The American Library Association (ALA) represents not only thousands of professionals but also hundreds of thousands of constituents in more than 120,000 academic, public, school, and special libraries. Our professionals strive every day—in often challenging circumstances—to build community and help transform the lives of those in our community.
Being all things to all people, however, is impossible. This is why the Association steps in, to set the vision and tone for professionals to follow throughout their working days, though it is not always easy. In the past months I have experienced the highest of highs and the lowest of lows, and I have at times felt helpless during one of the most sustained, vitriolic election seasons in our nation’s history, watching as policy issues affect our communities and our very institutions.
Because of this, I released a statement in late November, stating, “ALA believes that the struggle against racism, prejudice, stereotyping, and discrimination is central to our mission. We will continue to support efforts to abolish intolerance and cultural invisibility, stand up for all the members of the communities we serve, and promote understanding and inclusion through our work.”
I meant it.
As a profession, we have remained consistent in our beliefs, no matter the difficulty or challenge.
As a profession, we have remained consistent in our beliefs, no matter the difficulty or challenge, and we must continue to do so.
Some have chided me for saying we must move forward, because they think it means acquiescing in our vision and values. To me, moving forward means carefully planning for how we take our next steps. We can’t ignore where we are now, but we must educate others as to what our ideals are and what our values mean. We must continue to be inclusive beacons for meaningful and equitable public discourse, push for social justice, champion intellectual freedom, fight for equitable access to resources and services for our constituents, protect privacy, commit to diversity, and strive to ensure that we help build and sustain a literate constituency.

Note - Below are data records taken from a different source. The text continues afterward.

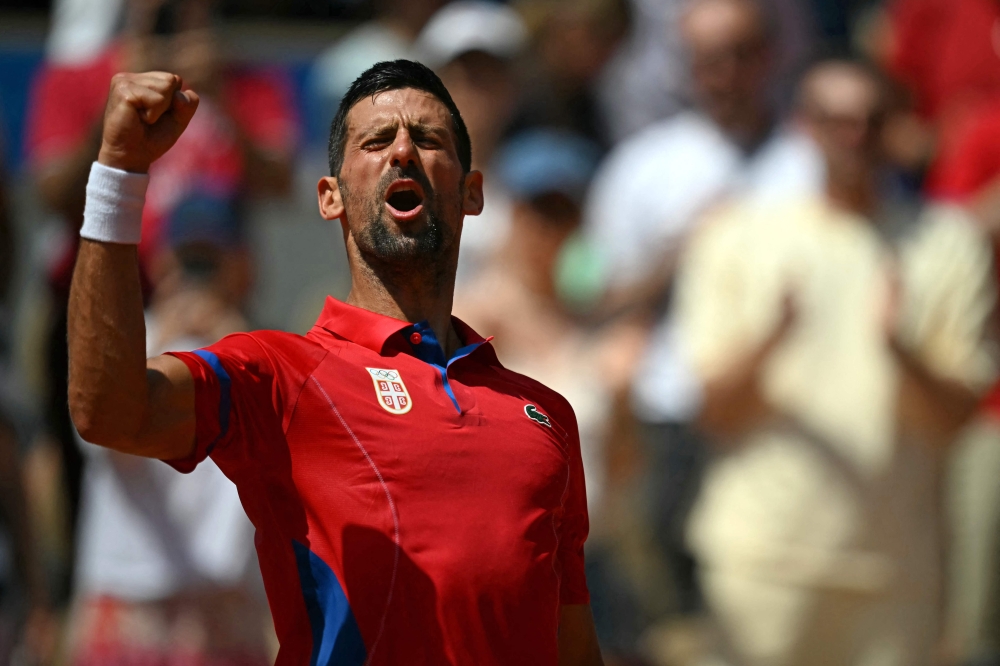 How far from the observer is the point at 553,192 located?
21.0 ft

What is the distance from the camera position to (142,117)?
8.71 ft

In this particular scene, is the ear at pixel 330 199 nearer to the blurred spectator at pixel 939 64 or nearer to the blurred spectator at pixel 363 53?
the blurred spectator at pixel 363 53

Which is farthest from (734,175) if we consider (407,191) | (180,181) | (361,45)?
(407,191)

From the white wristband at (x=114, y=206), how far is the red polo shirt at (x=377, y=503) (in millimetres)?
256

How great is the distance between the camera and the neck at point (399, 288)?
309cm

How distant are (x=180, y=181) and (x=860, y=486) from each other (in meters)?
2.93

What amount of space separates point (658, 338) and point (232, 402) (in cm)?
389

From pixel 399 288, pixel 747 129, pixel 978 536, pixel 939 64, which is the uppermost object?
pixel 939 64

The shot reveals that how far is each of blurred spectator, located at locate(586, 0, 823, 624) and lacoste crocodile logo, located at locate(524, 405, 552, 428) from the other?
127 inches

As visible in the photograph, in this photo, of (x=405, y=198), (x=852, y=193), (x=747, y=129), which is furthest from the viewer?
(x=747, y=129)

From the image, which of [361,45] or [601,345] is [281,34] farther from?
[601,345]

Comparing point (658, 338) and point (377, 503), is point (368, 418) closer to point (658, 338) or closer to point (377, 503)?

Support through difficult times
Though these difficult times are unprecedented, they are not insurmountable. We need to rethink how we illustrate what we do and the incredible impact we have. This means identifying expertise in our practices and processes and divvying responsibilities. We should commit to supporting those who research and identify; those who create; and those who deliver. When I deliver, and when all of us deliver, we must reaffirm and illustrate that every single message is founded on our longstanding principles.
We have much to offer in the years ahead, creating, for instance, pathfinders to crisis toolkits that ensure equity and diversity; materials and resources that celebrate our differences; links to guidelines for managing harassment and bullying; statements affirming our beliefs; and a wide range of other resources. In addition, we have unique expertise and leadership in our ALA offices and divisions, providing mission statements, goals, and initiatives, not to mention tireless support for us. We also have unique expertise in our member groups—via committees, task forces, and other working groups that advance both general organizational roles and specific projects. And we have unique expertise and commitment from our membership, including librarians, library workers, and stakeholders.
My hope is that decision makers will focus on working together to improve the lives of all Americans, including the most vulnerable. We will continue to work together to aggressively defend what we do and who we are, and we will advance our agenda in our communities and transform the lives of our constituents.